Thursday, January 29, 1953
VANCOUVER, Jan. 29 —(CP)—Flying saucers no longer are a joke to Bill Boss, Canadian Press war correspondent.
Back from Korea, he said in an interview Wednesday that he is impressed with the reports of fighter-bomber pilots telling of flying saucers—disc clusters “or whatever they are called”.
Boss told of reports from “seven independent” pilots on the same day, January 9.
“There is more to this than we all thought", he said. “I think the story of the discs was the most significant to come out of Japan.”
Tha evidence of the pilots, two of whom “locked” with the objects, “is too strong to be dismissed”.

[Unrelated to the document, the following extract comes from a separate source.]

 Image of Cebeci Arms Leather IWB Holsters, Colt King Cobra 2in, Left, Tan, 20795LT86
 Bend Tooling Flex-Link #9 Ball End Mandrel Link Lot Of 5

One disc kept its distance from the 700-mile-an-hour jet in a straight line and then drew away.
“It must have had a multiple of the speed of sound to do that”, said Boss.
The sky clusters, he said, were always reported out from the Russian-held island of Sakhalin or the Russian-held mainland.

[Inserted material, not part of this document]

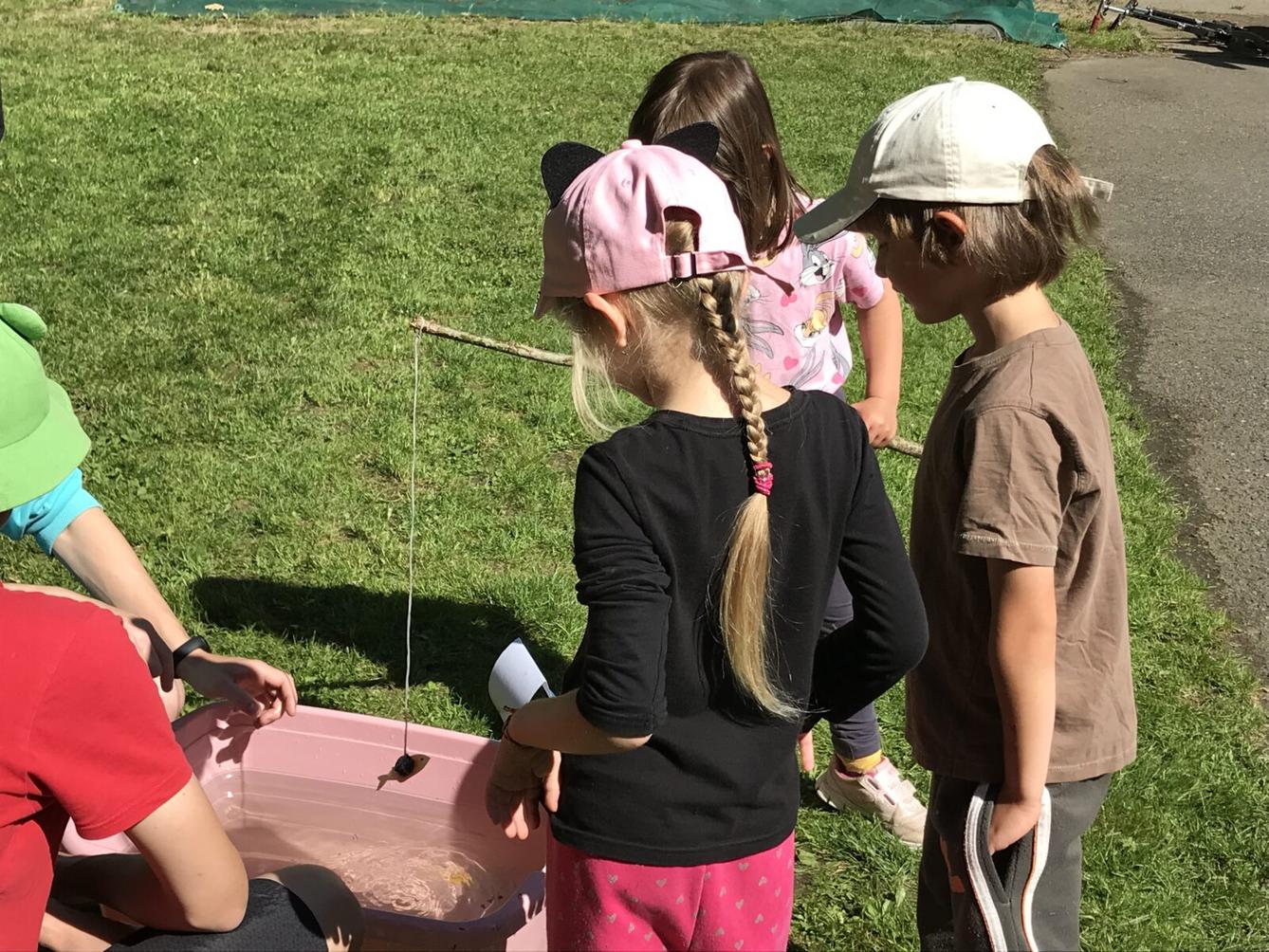 PŘEDŠKOLÁCI: DOPOLEDNÍ HRY V ZŠ S DEVÁŤÁKY - 10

“Possibly it is significant that saucer stories always appear over Western places of strategic interest, like northern Japan or Texas, but never where satellite forces are committed.”
“It looks like a Russian experiment?” a reporter asked.

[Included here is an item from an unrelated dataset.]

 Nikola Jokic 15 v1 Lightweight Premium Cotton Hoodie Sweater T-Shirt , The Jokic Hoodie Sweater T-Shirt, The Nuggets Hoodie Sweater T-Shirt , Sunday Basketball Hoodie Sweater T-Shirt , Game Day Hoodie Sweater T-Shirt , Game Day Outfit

“It looks like a Russian accomplishment,” Boss replied.
The United States Air Force announced Tuesday from a base in northern Japan that a small, metallic, disc-shaped object made a controlled, sweeping pass at an American Thunderjet last March 28. It was observed at close range by another pilot.
Earlier, the air force disclosed that “rotating clusters of red, white and green lights” had been sighted over northern Japan.